Kepolisian atau polisi berperan untuk menerima, menyelidiki, menyidik suatu
tindak pidana yang terjadi dalam ruang lingkup wilayahnya. Apabila ditemukan
unsur-unsur tindak pidana,
baik khusus maupun umum, atau tertentu, maka pelaku (tersangka) akan diminta
keterangan, dan apabila perlu akan ditahan. Dalam masa penahanan, tersangka
akan diminta keterangannya mengenai tindak pidana yang diduga terjadi. Selain
tersangka, maka polisi juga memeriksa saksi-saksi
dan alat bukti yang berhubungan erat dengan tindak pidana yang disangkakan.

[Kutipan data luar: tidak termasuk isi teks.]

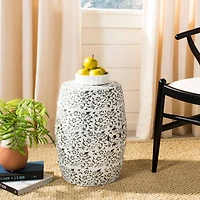 Flower And Vine Garden Stool in White & Charcoal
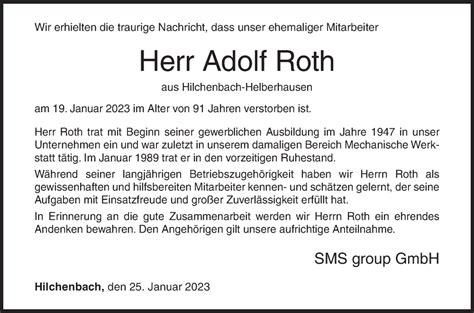 Traueranzeigen Von Adolf Roth Trauer De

Keterangan tersebut terhimpun dalam berita acara pemeriksaan
(BAP) yang apabila dinyatakan P21 atau lengkap, akan dikirimkan ke kejaksaan
untuk dipersiapkan masa persidangannya di pengadilan. Kejaksaan akan
menjalankan fungsi pengecekan BAP dan analisis bukti-bukti serta saksi untuk
diajukan ke pengadilan. Apabila kejaksaan berpendapat bahwa bukti atau saksi
kurang mendukung, maka kejaksaan akan mengembalikan berkas tersebut ke
kepolisian, untuk dilengkapi. Setelah lengkap, maka kejaksaan akan melakukan
proses penuntutan perkara. Pada tahap ini, pelaku (tersangka) telah berubah
statusnya menjadi terdakwa, yang akan disidang dalam pengadilan. Apabila telah
dijatuhkan putusan, maka status terdakwa berubah menjadi terpidana.